Jason Graae in Coup de Graae: Graae-vo! Graae-vo!
Aided by "The Foie Graaes" (the lovely and talented pairing of Wendy Lane Bailey and Jill Anderson) our hero tweaks a Kander and Ebb favorite for an opening celebration of self-importance, "All I Care About is Me". Newcomers to Graae will soon catch on that this is his finely developed shtick. While never diving fully into camp, Jason Graae's charm is an ability to exude a show-biz persona while maintaining warmth and humorous sincerity. He mocks cheesiness by embracing it, closing the show with Strouse/Adams' "Applause" (complete with celebrity impersonations) like a Bar Mitzvah boy hungry for that extra helping of attention.
When he does settle down for a ballad a tiny part of you might be waiting for the eventual gag, but don't let such thoughts disrupt your enjoyment of his dulcet baritone and conversational phrasing enhancing Stephen Sondheim's "Good Thing Going" and bringing extra richness to Jerry Herman's "I Belong Here". You wouldn't think a voice that endearing and lovely could suddenly tear into Barry Kleinbort's "Sondheim Song", a hilariously frenetic collection of music and lyric samples that continually changes tempos with a screech, with such flamboyant intensity. Or attack the Al Carmines/Maria Irene Fornes "The Moment Has Passed" like he were the star of some Brechtian Las Vegas floor show.

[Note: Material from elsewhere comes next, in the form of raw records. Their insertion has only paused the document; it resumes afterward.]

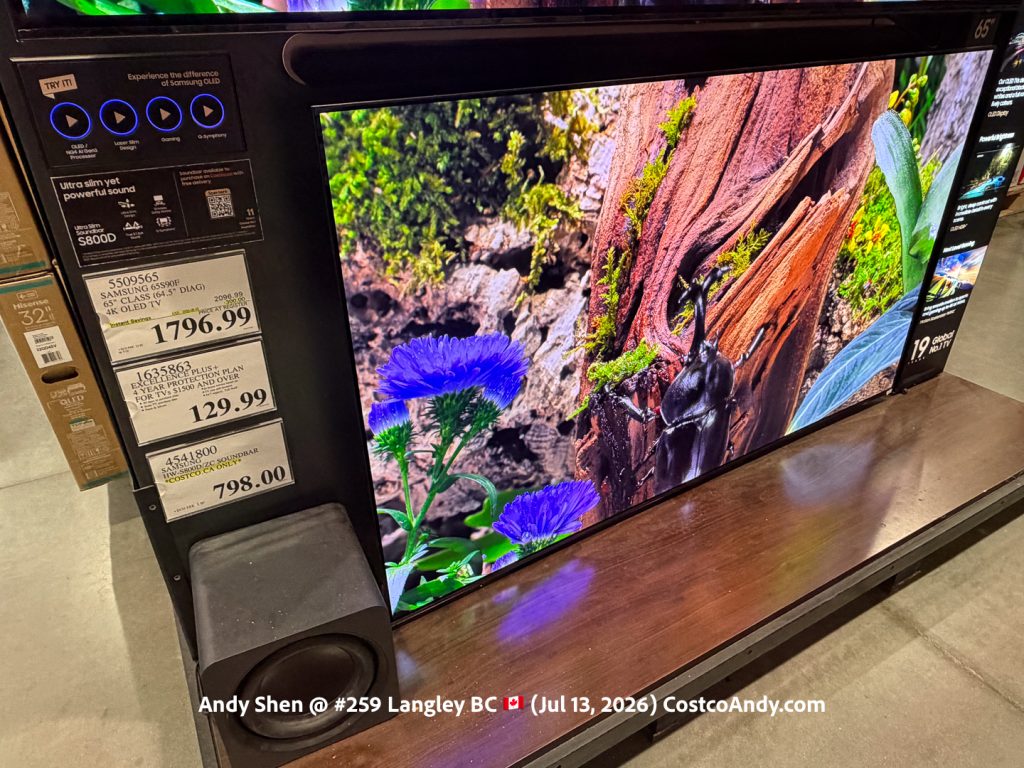 SAMSUNG 65″ CLR QLED 4K UHD TV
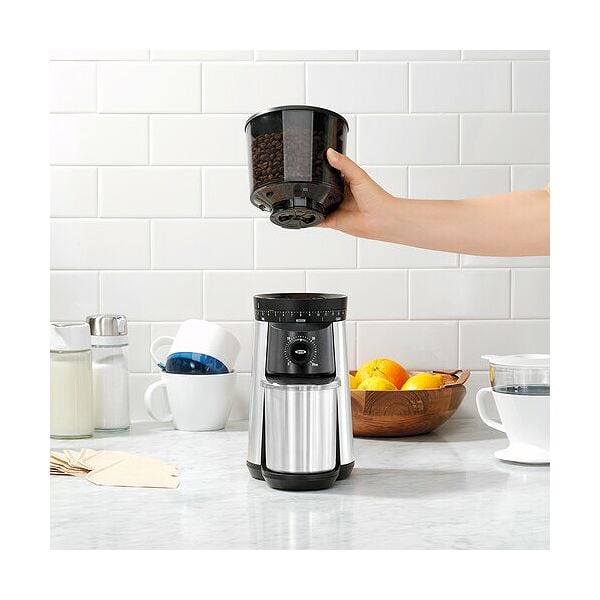 Replacement Hopper with Lid for Conical Burr Coffee Grinder X2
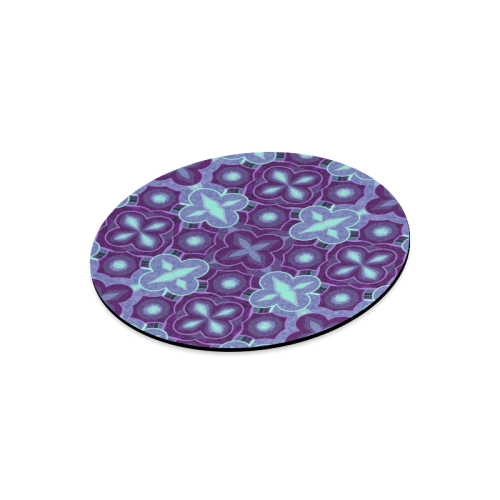 Purple blue pattern Round Mousepad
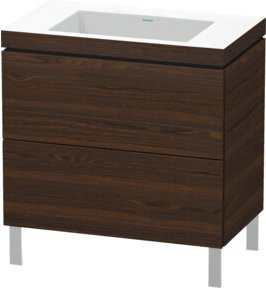 Duravit Waschtischunterschrank L-Cube c-bonded in Natur gebürstet mit 2 Auszügen, B/T: 80 x 48 cm - Bild 1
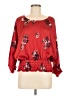 TWO by Vince Camuto 100% Polyester Red 3/4 Sleeve Blouse Size M - photo 1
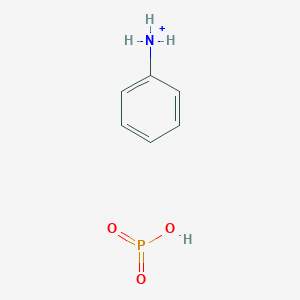 molecular formula C6H9NO3P+ B14687494 Anilinium hydrogen phosphite CAS No. 33921-12-9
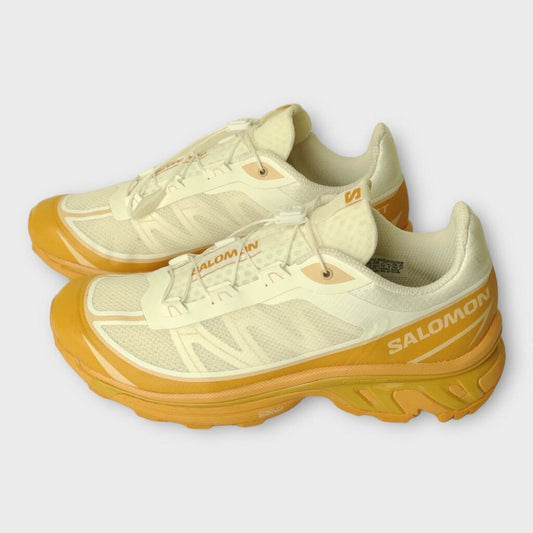 Salomon Orange & White XT6FT Lace Up Sneakers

These numbers especially show off the dexterity of musical director Alex Rybeck at piano.
One of the happy circumstances of having Jason Graae playing in New York is that he can discuss the juicy stories of his career without having to take a hunk of time explaining to the audience who people like Alan and Marilyn Bergman are or who Ken Jennings is. (The actor, not the Jeopardy guy) "Just being in New York cuts 45 minutes from the show.", he quips.
One such story involves how he became the TV commercial voice of Lucky Charms' leprechaun. Utilizing Kander and Ebb's "How Lucky Can You Get" Graae turns the tale into inspired psychodrama as the primo gig magically disappears.
Had he been of another era, Jason Graae would probably be playing the Palace or featured in the Ziegfeld Follies. He makes Coup de Graae a whirlwind of fast-paced wit, Broadway-style bravado and mighty pretty singing.
And did I mention he plays a mean oboe?